The Advocate: “Wesley Nakamura is teaching a sophomore algebra class at Carver Collegiate Academy in New Orleans East. A student near the front of the room raises his hand and asks to go to the restroom. Things go badly from there.
Nakamura prepares to hand over a hall pass but asks the student if he might not want to wait a few minutes. He might miss an important point. The boy, already standing, mumbles something barely audible, and Nakamura straightens. “That’s not how you talk to me,” he says firmly.
The discussion continues for another few moments, and the boy leaves for the restroom in a huff, jerking open the door with a loud thud. He doesn’t even seem to notice that sitting in the back of the room is the school’s principal, Jerel Bryant, who quickly moves to the door and calls him back for a chat.
“I don’t wanna talk!” he yells before Bryant escorts him down the hall and outside for a private discussion.
Though in some ways a typical high school scene, an incident like this encapsulates a lot about the charter school organization that runs Carver — why, by many measures, it has been hugely successful, and also why it is so persistently controversial.
The group, called Collegiate Academies, runs three high schools in New Orleans and has produced some of the best academic results in the city. Its philosophy, as with many charter schools, centers on holding students to a high standard in both academics and classroom behavior.
But this sort of “no excuses” model has also left Collegiate — and other groups like it in New Orleans — open to criticism. Its schools have some of the highest suspension rates in the state. And last month, it was hit with a formal civil rights complaint from a group of students and their families alleging a “harsh and punitive” discipline culture.
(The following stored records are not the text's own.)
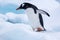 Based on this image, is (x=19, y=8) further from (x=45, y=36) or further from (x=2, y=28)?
(x=45, y=36)

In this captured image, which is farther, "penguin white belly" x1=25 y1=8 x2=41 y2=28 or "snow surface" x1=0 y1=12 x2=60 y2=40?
"penguin white belly" x1=25 y1=8 x2=41 y2=28

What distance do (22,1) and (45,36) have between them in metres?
0.65

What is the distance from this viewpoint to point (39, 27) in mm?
1772

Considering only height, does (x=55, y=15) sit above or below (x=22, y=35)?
above

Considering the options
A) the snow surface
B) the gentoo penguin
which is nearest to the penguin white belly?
the gentoo penguin

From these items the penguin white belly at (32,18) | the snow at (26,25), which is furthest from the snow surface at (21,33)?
the penguin white belly at (32,18)

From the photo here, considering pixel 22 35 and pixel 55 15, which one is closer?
pixel 22 35

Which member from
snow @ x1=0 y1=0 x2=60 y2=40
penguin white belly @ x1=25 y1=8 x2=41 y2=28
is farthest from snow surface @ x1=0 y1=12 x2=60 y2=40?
penguin white belly @ x1=25 y1=8 x2=41 y2=28

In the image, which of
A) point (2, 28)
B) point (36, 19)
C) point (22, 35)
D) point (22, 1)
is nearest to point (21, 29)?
point (22, 35)

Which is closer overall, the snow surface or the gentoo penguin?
the snow surface

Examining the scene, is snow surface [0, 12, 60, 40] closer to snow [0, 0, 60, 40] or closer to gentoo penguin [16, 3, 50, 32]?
snow [0, 0, 60, 40]

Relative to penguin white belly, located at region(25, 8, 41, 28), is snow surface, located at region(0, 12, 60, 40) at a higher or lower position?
lower

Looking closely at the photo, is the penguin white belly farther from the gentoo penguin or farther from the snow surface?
the snow surface

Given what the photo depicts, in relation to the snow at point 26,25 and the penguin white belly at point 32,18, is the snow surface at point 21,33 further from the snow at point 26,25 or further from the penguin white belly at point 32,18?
the penguin white belly at point 32,18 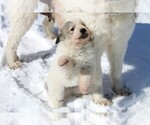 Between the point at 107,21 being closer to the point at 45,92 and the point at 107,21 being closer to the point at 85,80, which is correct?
the point at 85,80

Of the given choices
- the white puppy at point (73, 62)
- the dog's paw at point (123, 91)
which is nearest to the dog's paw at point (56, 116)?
the white puppy at point (73, 62)

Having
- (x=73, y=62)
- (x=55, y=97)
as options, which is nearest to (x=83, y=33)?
(x=73, y=62)

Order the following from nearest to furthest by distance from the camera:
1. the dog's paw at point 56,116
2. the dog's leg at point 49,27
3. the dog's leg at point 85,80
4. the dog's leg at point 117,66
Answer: the dog's leg at point 85,80 < the dog's paw at point 56,116 < the dog's leg at point 117,66 < the dog's leg at point 49,27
Too many students, the families argued, are being taken out of the classroom for “very minor infractions, such as speaking disrespectfully to a teacher.”
In one way, the argument between Collegiate and its critics is a dispute about plain facts. The complaint makes specific accusations, even alleging at one point that a teacher called an autistic student “stupid” and encouraged classmates to throw paper at him.
Sorting out the truth of these claims is difficult for a number of reasons. There are no names given in the complaint; statements are attributed to “Student L” or “Parent J.” And school staff for the most part cannot comment on specific allegations because of federal privacy laws, though broadly speaking they deny most of the complaint’s assertions.”